* [Directions for this task]:
From the entries below, copy out all lines holding "Photo".

##### Information #####

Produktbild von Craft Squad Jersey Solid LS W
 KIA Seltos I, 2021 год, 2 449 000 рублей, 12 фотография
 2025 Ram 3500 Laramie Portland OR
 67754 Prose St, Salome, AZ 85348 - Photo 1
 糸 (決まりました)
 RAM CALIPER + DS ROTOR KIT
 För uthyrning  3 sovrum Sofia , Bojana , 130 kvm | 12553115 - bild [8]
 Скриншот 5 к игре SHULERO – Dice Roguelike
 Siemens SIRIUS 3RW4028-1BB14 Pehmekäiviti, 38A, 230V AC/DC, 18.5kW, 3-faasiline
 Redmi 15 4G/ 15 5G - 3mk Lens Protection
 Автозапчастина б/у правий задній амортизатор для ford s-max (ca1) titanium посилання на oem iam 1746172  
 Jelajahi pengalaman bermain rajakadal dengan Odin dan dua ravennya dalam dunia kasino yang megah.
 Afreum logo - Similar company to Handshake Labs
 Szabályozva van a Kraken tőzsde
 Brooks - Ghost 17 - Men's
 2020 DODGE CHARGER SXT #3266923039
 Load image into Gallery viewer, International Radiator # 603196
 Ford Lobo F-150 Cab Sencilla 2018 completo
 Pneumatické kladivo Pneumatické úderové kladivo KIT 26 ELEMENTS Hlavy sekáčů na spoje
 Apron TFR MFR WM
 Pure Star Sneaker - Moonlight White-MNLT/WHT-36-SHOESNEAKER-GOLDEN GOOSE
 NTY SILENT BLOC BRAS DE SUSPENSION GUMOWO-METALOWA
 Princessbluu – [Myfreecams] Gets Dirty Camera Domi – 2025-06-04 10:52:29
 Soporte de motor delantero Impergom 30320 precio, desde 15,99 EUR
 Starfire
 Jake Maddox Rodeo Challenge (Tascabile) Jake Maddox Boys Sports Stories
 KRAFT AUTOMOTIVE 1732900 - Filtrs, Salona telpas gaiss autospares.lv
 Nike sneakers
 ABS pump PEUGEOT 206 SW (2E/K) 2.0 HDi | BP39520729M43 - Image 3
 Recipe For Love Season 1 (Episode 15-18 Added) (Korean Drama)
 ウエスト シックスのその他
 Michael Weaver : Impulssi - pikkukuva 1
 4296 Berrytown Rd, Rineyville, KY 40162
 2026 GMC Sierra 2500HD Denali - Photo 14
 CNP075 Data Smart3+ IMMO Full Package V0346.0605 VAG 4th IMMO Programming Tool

#####

* [Task output]:
 67754 Prose St, Salome, AZ 85348 - Photo 1
 2026 GMC Sierra 2500HD Denali - Photo 14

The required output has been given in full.